L’arte del blending è quindi quella di decidere il profilo organolettico del prodotto finale che si vuole ottenere e, anno per anno, si cerca di raggiungere l’obiettivo pescando da tutti i barili a disposizione. Nel corso degli anni tutte queste variabili incidono e, inevitabilmente, arriva il momento in cui si deve ragionare sull’ipotesi di cambiamenti della “ricetta” del blend: in alcuni casi, si tratta di vere e proprie “rotture” rispetto al passato che, quasi sempre, sono accompagnate dalla messa in commercio di etichette nuove o un repackaging di etichette già presenti. A maggior ragione se a cambiare è anche il master blender, ovvero l’artefice della magica alchimia che porterà al prodotto finale: nel 2019 Trudiann Branker è diventata la prima donna a capo del processo di produzione. I due rum che abbiamo assaggiato sono quindi figli di questa piccola “rivoluzione”.
Mount Gay Black Barrel
Affina in un legno carbonizzato, dove permane però per un tempo non troppo lungo, in modo da non estrarre troppo pigmento. Dopo la miscelazione di barili ex-bourbon di età variabile tra i 3 e i 7 anni, il blend fa una finitura di 6 mesi nella stessa tipologia di botti ma con una carbonizzazione più accentuate.

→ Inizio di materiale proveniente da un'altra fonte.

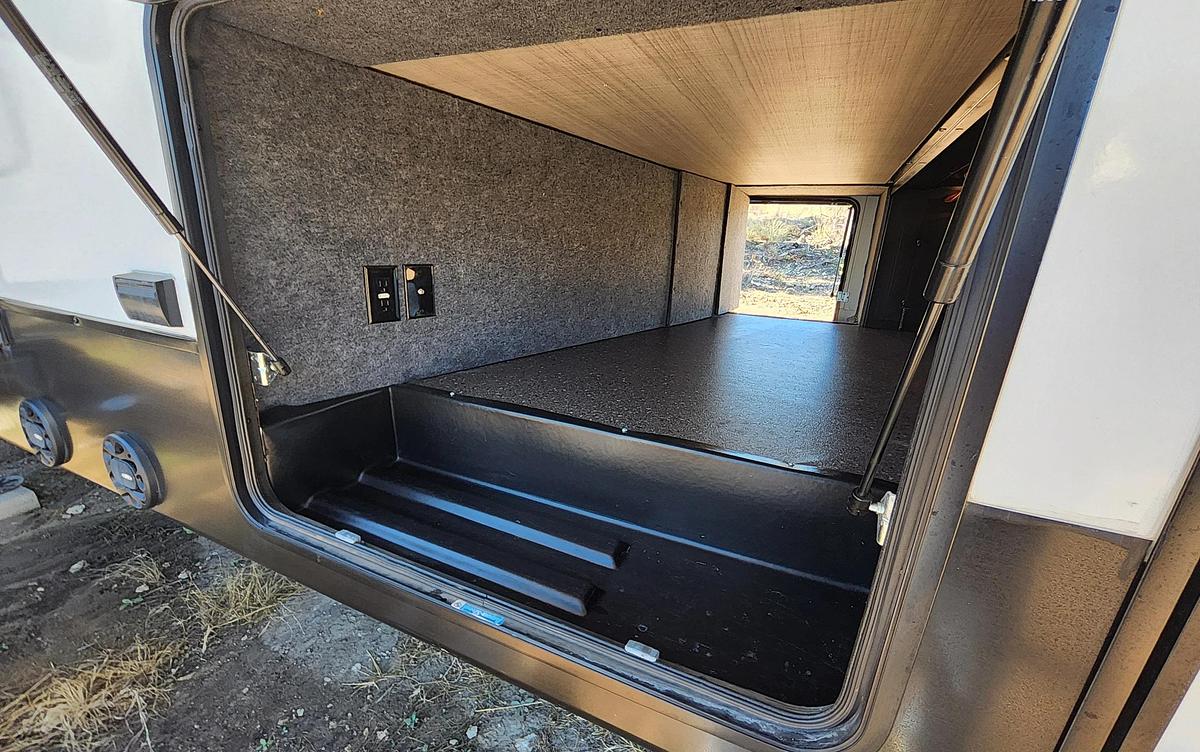 Used 2020 Heartland Bighorn Traveler 38FL Fifth Wheel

Al naso si presenta con evidenti sentori di burro, di latte di cocco, vaniglia, caramello, caffè, liquirizia e panpepato. Un profilo aromatico molto divertente, su un registro di speziatura decisamente morbida. Questa “piacioneria” olfattiva te l’aspetti anche in bocca. E infatti l’assaggio è dolce e vellutato, rotondo ma dal finale molto pulito, dove l’evidente dolcezza trova tutto sommato un buon equilibrio col resto delle componenti, chiudendo su un finale lievemente resinoso e legnoso.
Mount Gay XO
Etichetta storica della casa, prodotta in lotti limitati. Qui il blend va dai 5 ai 17 anni, con affinamenti in botti di legni diversi, sia ex-bourbon e che ex-cognac. All’inizio si presenta piuttosto chiuso, con note di ossidazione chiaramente più evidenti. Frutta secca, miele, dattero, caramello, cacao, fumo da camino…pian piano il naso si rivela. Si apre con l’ossigenazione, come previsto per un prodotto che ha un lungo invecchiamento. Grandissimo equilibrio al palato, con un alcol che spinge ma viene sorretto da una texture “palpabile”. Il finale è lunghissimo, di grande pulizia, su note di frutta secca e tostatura.
Due espressioni diverse, pensate per due target di pubblico differenti. Il primo è perfetto per una bevuta conviviale, spensierata, magari anche in miscelazione. Il secondo è tagliato per il bevitore che ama il rum liscio e di grande complessità, da sorseggiare con calma. Un rum da “meditazione” insomma, più per intenditori.